EXERCISE DATA:
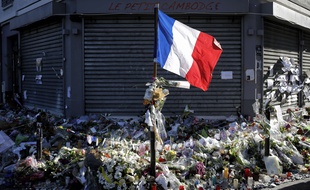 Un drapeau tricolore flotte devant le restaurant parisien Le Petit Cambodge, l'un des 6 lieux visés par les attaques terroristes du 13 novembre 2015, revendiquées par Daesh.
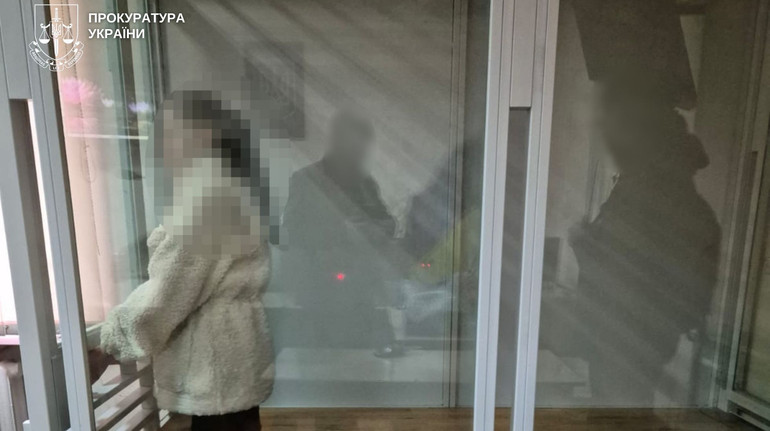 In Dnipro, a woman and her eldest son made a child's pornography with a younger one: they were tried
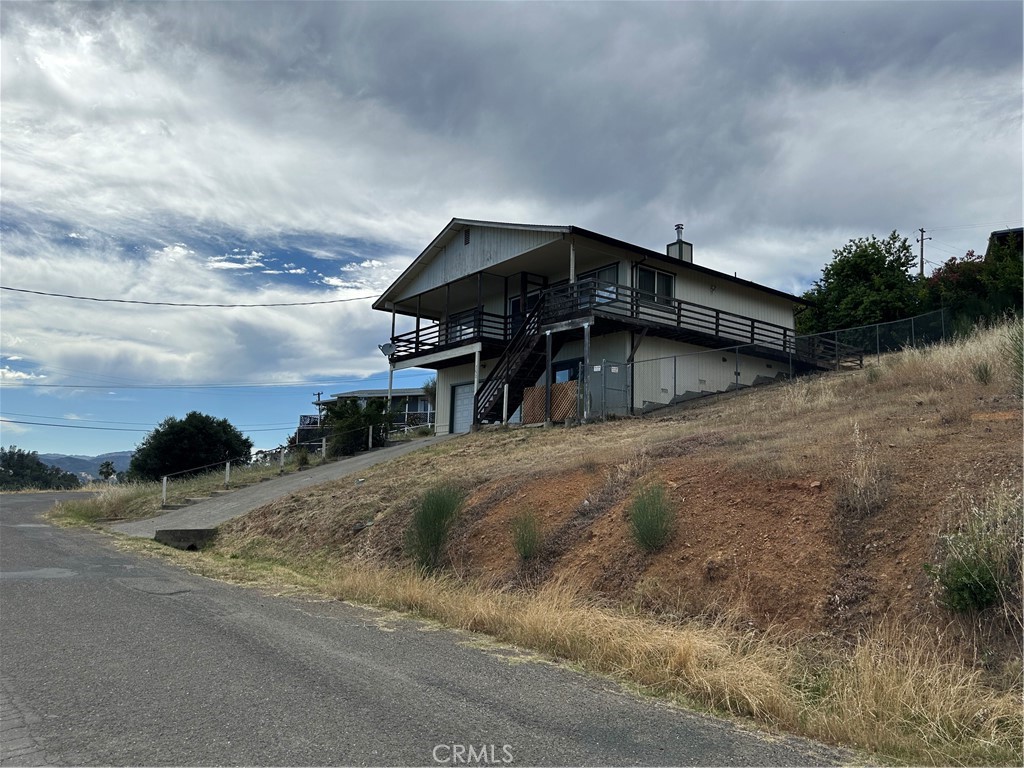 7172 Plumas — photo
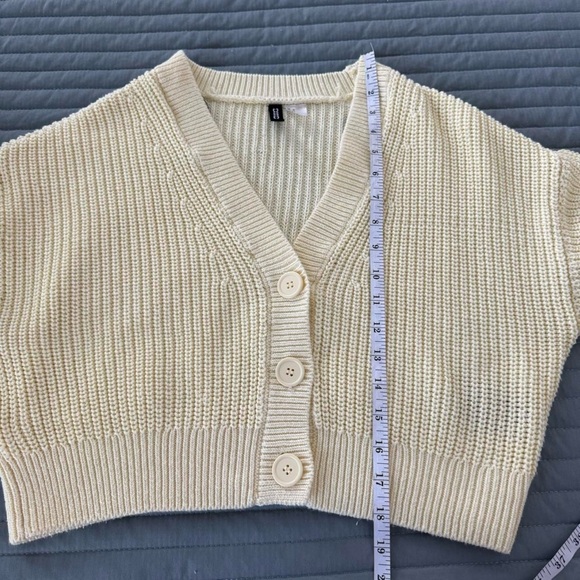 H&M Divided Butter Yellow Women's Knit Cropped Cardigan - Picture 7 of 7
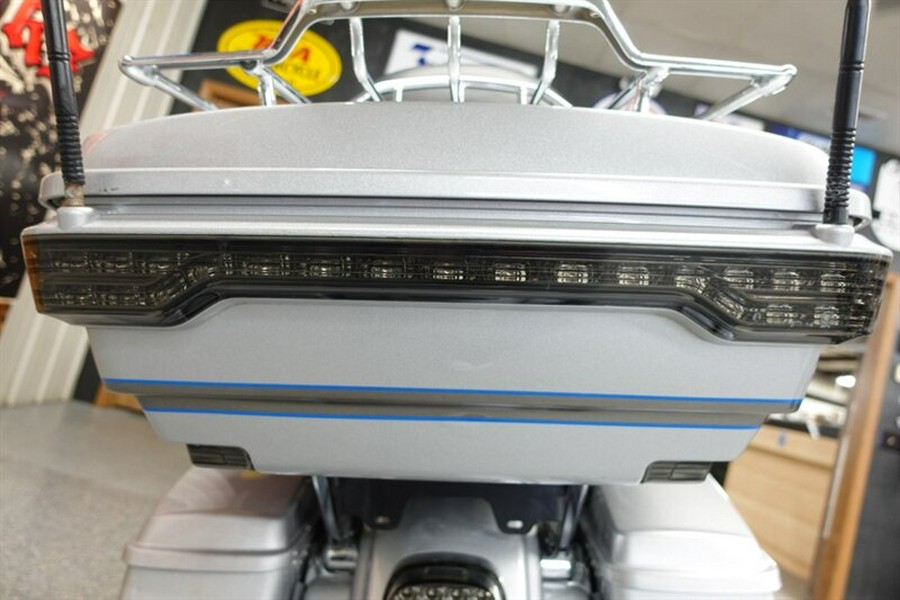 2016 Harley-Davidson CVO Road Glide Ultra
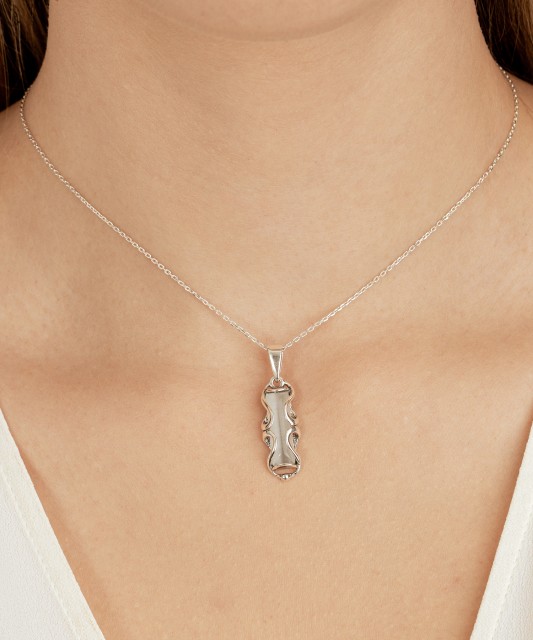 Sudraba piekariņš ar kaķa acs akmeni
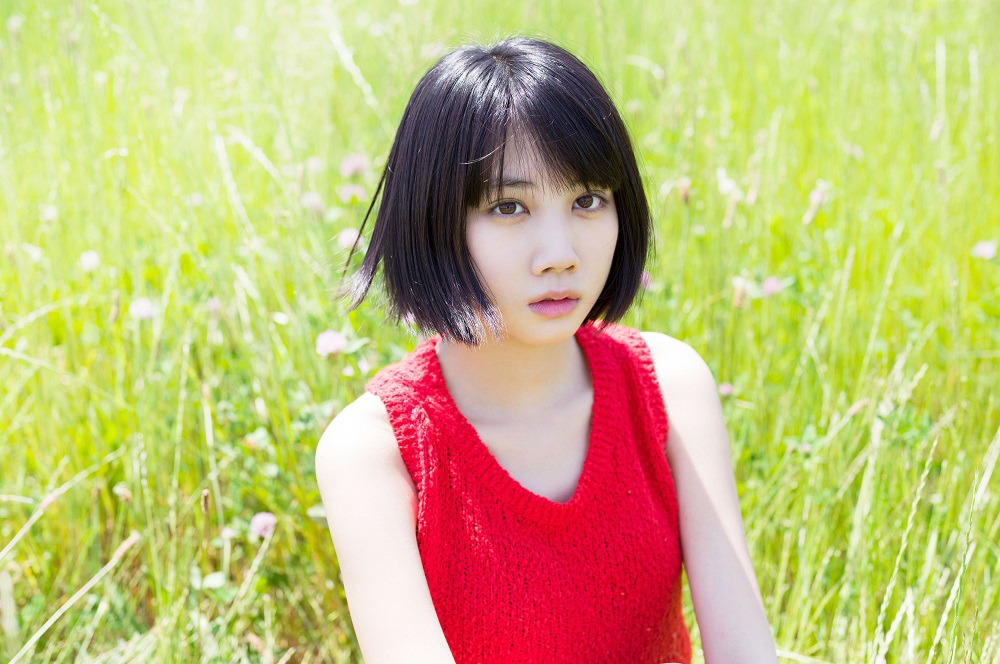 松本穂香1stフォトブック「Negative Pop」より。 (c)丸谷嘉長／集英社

WORK TO BE COMPLETED: Every line from the one containing "2016 Harley-Davidson CVO Road Glide Ultra" through the final line of the records above is to be written out exactly; nothing else, and no pictures.

EXPECTED ANSWER:
 2016 Harley-Davidson CVO Road Glide Ultra
 Sudraba piekariņš ar kaķa acs akmeni
 松本穂香1stフォトブック「Negative Pop」より。 (c)丸谷嘉長／集英社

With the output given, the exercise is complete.